Insert Media Buying Guide: Inserts Mean Business for Information Products Company
Nestled in the rolling hills of Virginia, Information Products Co. is the brainchild of president John Alba, who started his mail-order career in the catalog business. Based on his experience identifying which best-selling products would sell effectively via inserts, Alba in 1995 developed a mail-order company that sells name/address labels and personalized children’s products—such as name art and stickers—entirely through insert media.
Alba estimates that his firm places 50 million inserts monthly, working with Stanton Direct Marketing for both brokerage services and management of its own insert programs.
Hallie Mummert, Target Marketing’s editor in chief, spoke with Alba to learn what’s working for a company that lives and dies at the hand of insert media.
Target Marketing: What types of insert media programs do you use?
John Alba: I use a bunch of different media. The best and most expensive is package inserts. It works the best because you know the person is going to see [your insert] since they’ll open the package they ordered … that’s red-hot. The next best is statement stuffers, because the person is going to open their bills. I also use ride-alongs … and then cooperatives. The worst programs for [my product] are catalog blow-ins and phone book ride-alongs. They just don’t work [consistently], but I’ll take them if they’re priced right.

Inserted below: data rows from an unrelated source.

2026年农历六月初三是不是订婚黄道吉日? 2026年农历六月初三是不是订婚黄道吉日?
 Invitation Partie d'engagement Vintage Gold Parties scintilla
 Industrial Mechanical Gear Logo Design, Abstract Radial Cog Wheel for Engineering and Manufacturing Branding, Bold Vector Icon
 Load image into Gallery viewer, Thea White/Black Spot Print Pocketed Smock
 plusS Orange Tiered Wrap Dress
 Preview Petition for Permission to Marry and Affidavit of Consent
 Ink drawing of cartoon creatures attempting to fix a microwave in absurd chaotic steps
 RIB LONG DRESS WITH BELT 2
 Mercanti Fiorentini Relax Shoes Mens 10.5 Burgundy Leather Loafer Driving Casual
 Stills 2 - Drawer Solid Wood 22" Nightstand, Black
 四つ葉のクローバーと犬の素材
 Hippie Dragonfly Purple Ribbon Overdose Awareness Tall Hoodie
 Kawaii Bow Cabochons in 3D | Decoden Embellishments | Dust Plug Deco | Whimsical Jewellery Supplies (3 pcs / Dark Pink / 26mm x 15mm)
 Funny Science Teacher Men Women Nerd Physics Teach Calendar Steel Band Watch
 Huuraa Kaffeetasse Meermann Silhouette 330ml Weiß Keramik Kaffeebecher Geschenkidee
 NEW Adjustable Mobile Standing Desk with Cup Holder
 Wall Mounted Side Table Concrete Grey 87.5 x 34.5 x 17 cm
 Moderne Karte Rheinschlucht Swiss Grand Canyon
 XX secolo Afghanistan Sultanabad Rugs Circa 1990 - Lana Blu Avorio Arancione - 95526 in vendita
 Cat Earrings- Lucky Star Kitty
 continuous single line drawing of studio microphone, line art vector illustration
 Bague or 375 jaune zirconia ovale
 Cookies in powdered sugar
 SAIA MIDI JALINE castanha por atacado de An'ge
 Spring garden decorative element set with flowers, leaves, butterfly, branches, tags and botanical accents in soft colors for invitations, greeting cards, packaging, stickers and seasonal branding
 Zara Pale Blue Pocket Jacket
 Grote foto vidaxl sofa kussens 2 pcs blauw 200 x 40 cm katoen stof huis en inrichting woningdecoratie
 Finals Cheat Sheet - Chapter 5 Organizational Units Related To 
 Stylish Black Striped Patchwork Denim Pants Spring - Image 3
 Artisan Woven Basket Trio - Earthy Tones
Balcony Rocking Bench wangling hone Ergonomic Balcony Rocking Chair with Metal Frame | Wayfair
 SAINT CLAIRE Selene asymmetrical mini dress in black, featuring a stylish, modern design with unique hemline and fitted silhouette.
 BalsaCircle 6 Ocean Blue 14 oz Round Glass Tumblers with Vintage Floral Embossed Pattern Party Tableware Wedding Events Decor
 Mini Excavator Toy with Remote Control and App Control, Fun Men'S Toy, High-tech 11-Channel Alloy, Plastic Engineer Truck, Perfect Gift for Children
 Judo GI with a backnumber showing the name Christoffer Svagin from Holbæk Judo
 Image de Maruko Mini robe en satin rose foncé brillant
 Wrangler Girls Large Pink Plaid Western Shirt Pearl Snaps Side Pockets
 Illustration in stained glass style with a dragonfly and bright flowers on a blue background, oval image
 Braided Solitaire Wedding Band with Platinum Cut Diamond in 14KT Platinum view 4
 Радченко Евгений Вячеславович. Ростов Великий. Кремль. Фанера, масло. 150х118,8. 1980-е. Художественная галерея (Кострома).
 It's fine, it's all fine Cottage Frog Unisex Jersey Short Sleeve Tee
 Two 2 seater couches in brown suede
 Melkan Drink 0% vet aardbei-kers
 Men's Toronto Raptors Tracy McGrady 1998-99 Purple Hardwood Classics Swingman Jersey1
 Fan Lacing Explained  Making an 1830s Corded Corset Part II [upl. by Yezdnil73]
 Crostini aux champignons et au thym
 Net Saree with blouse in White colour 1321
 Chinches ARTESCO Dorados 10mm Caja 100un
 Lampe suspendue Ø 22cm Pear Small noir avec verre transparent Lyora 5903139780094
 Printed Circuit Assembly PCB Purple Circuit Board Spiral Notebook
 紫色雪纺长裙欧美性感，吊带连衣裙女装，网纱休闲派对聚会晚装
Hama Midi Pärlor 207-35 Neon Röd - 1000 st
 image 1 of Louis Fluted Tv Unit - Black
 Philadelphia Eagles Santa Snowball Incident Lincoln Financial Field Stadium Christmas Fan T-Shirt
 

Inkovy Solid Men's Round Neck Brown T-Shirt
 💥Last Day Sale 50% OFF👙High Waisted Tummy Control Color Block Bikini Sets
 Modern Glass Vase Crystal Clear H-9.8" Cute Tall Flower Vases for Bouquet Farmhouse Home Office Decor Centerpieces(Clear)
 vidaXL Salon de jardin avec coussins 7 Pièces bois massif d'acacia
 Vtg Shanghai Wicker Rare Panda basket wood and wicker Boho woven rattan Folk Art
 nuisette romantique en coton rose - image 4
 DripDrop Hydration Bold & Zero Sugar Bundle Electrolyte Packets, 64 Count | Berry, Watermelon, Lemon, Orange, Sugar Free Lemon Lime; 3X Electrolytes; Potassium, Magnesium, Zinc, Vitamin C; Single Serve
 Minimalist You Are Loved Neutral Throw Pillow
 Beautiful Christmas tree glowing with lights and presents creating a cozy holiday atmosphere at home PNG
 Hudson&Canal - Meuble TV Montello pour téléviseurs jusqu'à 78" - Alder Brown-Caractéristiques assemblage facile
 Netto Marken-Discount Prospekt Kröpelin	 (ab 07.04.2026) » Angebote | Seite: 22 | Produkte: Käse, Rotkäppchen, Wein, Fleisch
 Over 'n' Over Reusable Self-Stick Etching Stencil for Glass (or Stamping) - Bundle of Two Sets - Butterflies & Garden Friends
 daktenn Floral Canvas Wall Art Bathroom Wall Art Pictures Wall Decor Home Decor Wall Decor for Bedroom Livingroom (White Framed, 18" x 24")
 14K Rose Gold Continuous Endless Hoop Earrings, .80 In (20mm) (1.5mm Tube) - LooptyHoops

TM: How often do you test new inserts?
JA: Constantly. I [run inserts] in newspaper FSIs once a week and in cooperative mailings once a month. I always have new tests out there, but rarely do tests beat the basic [control]. But you have to test, because you never know what’s going to work better. The creative [team] thinks [testing success] is about the right word or color, but it’s not. It’s about the right product.
TM: How many brokers do you work with?
JA: Several, but I mostly work with three main brokers. It’s always good to use more than one, because they know they’re not the only one [which keeps them competitive]. Also, each one finds something different [to test] than the others.
TM: What is your biggest challenge in using insert media programs successfully?
JA: My biggest problem is that sometimes the results aren’t consistent. In other words, if [my insert] is riding along with a credit card statement, it’s going to the same people regularly [which produces a regular response pattern]. Sometimes, I get a flaky result, and generally it means that something happened at the lettershop during the insertion process.
The lettershop is paid by the program owner and not me—if it was me, I’d have fired many of them—so I don’t have any control over the situation.